As president, Rivlin has twice already conferred on Netanyahu the mandate to form a government, after the 2015 election and this past April. He didn’t enjoy doing so, but there was no question: a majority of the Knesset’s members endorsed Netanyahu each time.

This time, there is no winner in the election. Netanyahu lost his majority and with it probably his hope for immunity. But Gantz didn’t win and Rivlin now potentially faces the greatest challenge of any Israeli president.

He prepared for this week. His staff combed through the State Archives for the transcripts of former President Chaim Herzog’s meetings with Yitzhak Shamir and Shimon Peres after the 1984 election. Then, Herzog convinced the Likud and Labor Party leaders to enter a national unity government and “rotate” the prime minister’s job between them. But that precedent, which Rivlin is clearly aiming for, is still insufficient.

Rivlin’s job is much more difficult than Herzog’s, both on a political and personal level. Peres was not only leader of the larger party, he also had a larger bloc of lawmakers behind him. His claim for going first in the rotation was stronger than Gantz’s is now. Kahol Lavan is the larger party by one seat, but with Avigdor Lieberman’s Yisrael Beiteinu and the Balad faction of the Joint List not endorsing either candidate, Netanyahu has one endorsement more. Also, Netanyahu’s 55 lawmakers are united behind him — they would all join the same government. Of Gantz’s 54 MKs, 10 are the remaining Joint List members who are not about to serve under him in a government.
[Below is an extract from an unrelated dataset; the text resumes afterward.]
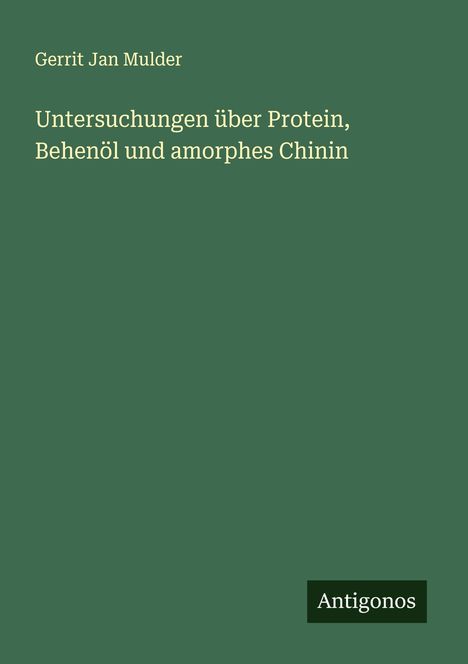 Gerrit Jan Mulder: Untersuchungen über Protein, Behenöl und amorphes Chinin, Buch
But that isn’t the biggest obstacle. Netanyahu is no Shamir, who in 1984 eventually agreed to vacate the Prime Minister’s Office for two years. Shamir trusted Herzog’s assurances that Peres would make way two years later. Shamir didn’t have three corruption investigations weighing him down. Shamir wasn’t planning to use the office of prime minister to shield himself from indictment for bribery, fraud and breach of trust.

And despite all this, Rivlin has no choice but to try to get Gantz and Netanyahu to share power. It isn’t just his constitutional duty, or his desire to save Israel from a damaging third election. He understands that Netanyahu’s days in office are now numbered. His designs on immunity and the presidency have been dashed, almost decisively. But Rivlin also knows that Netanyahu will not relinquish power easily and has no compunction about leaving scorched earth behind him — in the shape of hundreds of thousands of supporters who will believe he was brought down by a dark cabal of the old elites.

Rivlin’s duty is to end the Netanyahu era with as little national trauma as possible. He fully appreciates the divisions his old colleague has sown in Israel’s fractured society. Now he’s doing all he can to carefully extricate him from office, without causing further damage.